▶ **BRIEF**:
Starting at the line that contains "Set de pedales" and stopping after the line that contains "hitler's u-boat bases", transcribe the listing below exactly; do not include any pictures.

▶ **INPUT FOR THIS TASK**:
= = = = = = =

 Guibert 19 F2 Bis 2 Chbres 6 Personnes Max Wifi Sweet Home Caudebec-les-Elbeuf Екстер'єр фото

= = = = = = =

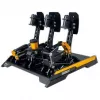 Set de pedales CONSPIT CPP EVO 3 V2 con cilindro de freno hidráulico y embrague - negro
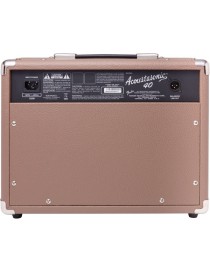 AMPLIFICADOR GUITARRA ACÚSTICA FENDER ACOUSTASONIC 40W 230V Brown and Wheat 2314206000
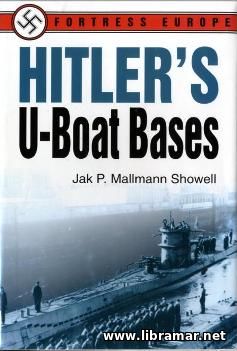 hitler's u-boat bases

= = = = = = =

▶ **RESULT OF THIS EXERCISE**:
 Set de pedales CONSPIT CPP EVO 3 V2 con cilindro de freno hidráulico y embrague - negro
 AMPLIFICADOR GUITARRA ACÚSTICA FENDER ACOUSTASONIC 40W 230V Brown and Wheat 2314206000
 hitler's u-boat bases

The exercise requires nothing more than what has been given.